Preset validation by TheTechromancer · Pull Request #3058 · blacklanternsecurity/bbot

TheTechromancer · 2026-04-24T16:40:30Z

Preset validation rework

Replaces silent acceptance of typos and wrong types in BBOT presets with strict, schema-driven validation. Catches mistakes like modlues: [...], scope: {strct: true}, modules: {nucleii: {tgas: "x"}}, and nuclei.mode: aggressive at config-load time instead of after a multi-hour scan produces nothing.

New public API

Validate any preset dict (e.g. from yaml.safe_load) without instantiating a Scanner:

from bbot.scanner import validate_preset, validate_preset_file

errors = validate_preset({
    "modules": ["nuclei"],
    "config": {
        "modules": {
            "nuclei": {"mode": "manual", "ratelimit": 100},
        },
    },
})
if errors:
    for e in errors:
        print(e)   # e.g. [module:nuclei:mode] Expected one of 'manual', ...
    raise SystemExit(1)

# Convenience wrapper for files
errors = validate_preset_file("/path/to/preset.yml")

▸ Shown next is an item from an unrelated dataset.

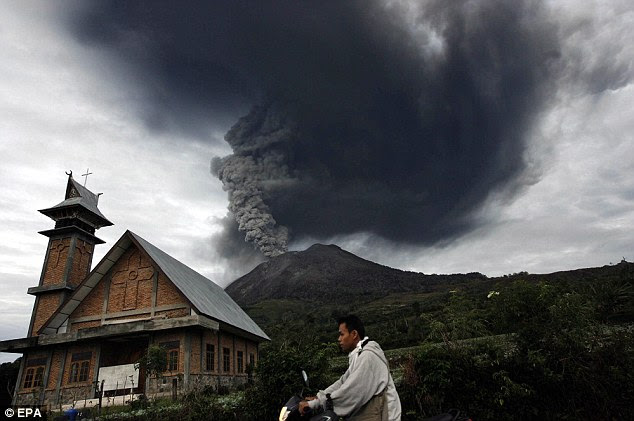 Ash: A resident attempts to escape from his village on a moped as the volcano erupts in the background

Returns a list of PresetValidationError objects. Empty list = valid. All errors across all layers are aggregated in a single pass, so a user with five typos sees five errors at once.

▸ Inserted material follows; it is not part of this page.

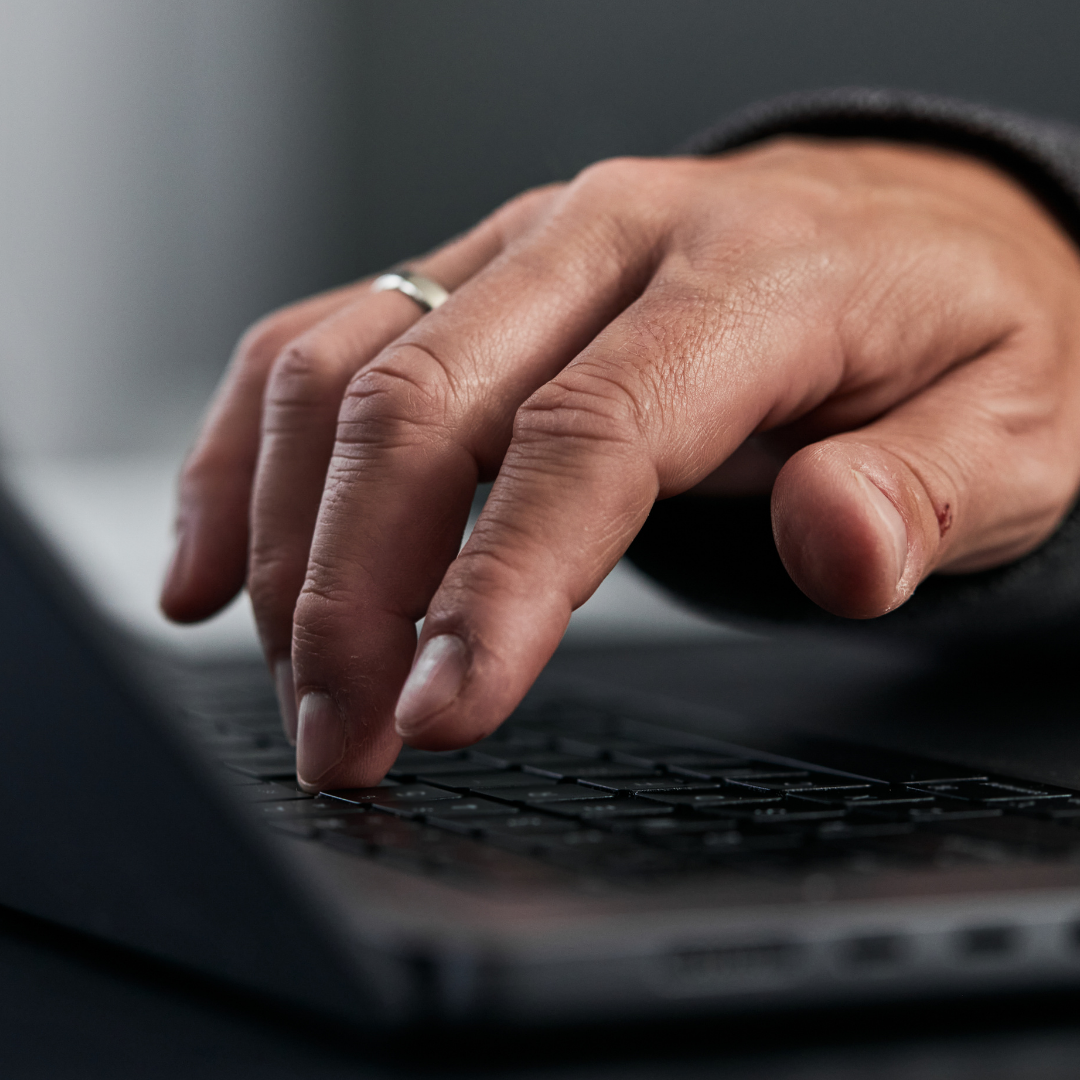 Close up of a women typing on a keyboard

The pydantic schemas themselves are also exported, for callers that want type-checking, doc generation, or to validate just one layer (e.g. the global config) on its own:

from bbot.scanner import (
    BBOTConfig,         # global config block (scope/dns/web/engine/deps/…)
    BaseModuleConfig,   # base for every module's `class Config(BaseModuleConfig)`
    PresetSchema,       # top-level preset shape (target, modules, flags, config, …)
    ScopeConfig, DnsConfig, WebConfig, EngineConfig, DepsConfig, DepsToolConfig,
)

These are validation schemas only — they have no defaults of their own (defaults live in bbot/defaults.yml). For full preset validation that also covers per-module Config blocks, use validate_preset(); the composite schema is built dynamically from the loaded module set, so it isn't a static class.

Sample errors

[preset:modlues]                            Unknown option: 'modlues' (value: ['nuclei'])
[config:scope.strct]                        Could not find config option "scope.strct". Did you mean "scope.strict"?
[config:web.http_timeout]                   Expected an integer, got str: 'not-a-number'
[preset:config.modules.nucleii]             Could not find module "nucleii". Did you mean "nuclei"?
[module:nuclei:tgas]                        Unknown option: 'tgas' (value: 'apache')
[module:nuclei:mode]                        Expected one of 'manual', 'technology', 'severe' or 'budget', got 'aggressive'
[module:baddns:custom_nameservers.0]        Expected a string, got int: 1
[config:deps.behavior]                      Expected one of 'abort_on_failure', 'retry_failed', 'ignore_failed', 'disable' or 'force_install', got 'panic'

What changed

Dependency: omegaconf → pydantic + pydantic-settings

omegaconf is gone. Configs are now plain dicts merged with a small deep_update helper, and validation is done by pydantic. pydantic-settings is the new dep; pyyaml is now an explicit (was transitive) dep.

Module schema: `class Config(BaseModuleConfig)`

Every module's options = {...} + options_desc = {...} pair has been migrated to a typed pydantic class:

# before
options = {"threads": 50, "version": "1.2.5"}
options_desc = {"threads": "How many threads", "version": "httpx version"}

# after
class Config(BaseModuleConfig):
    threads: int = Field(50, description="How many threads")
    version: str = Field("1.2.5", description="httpx version")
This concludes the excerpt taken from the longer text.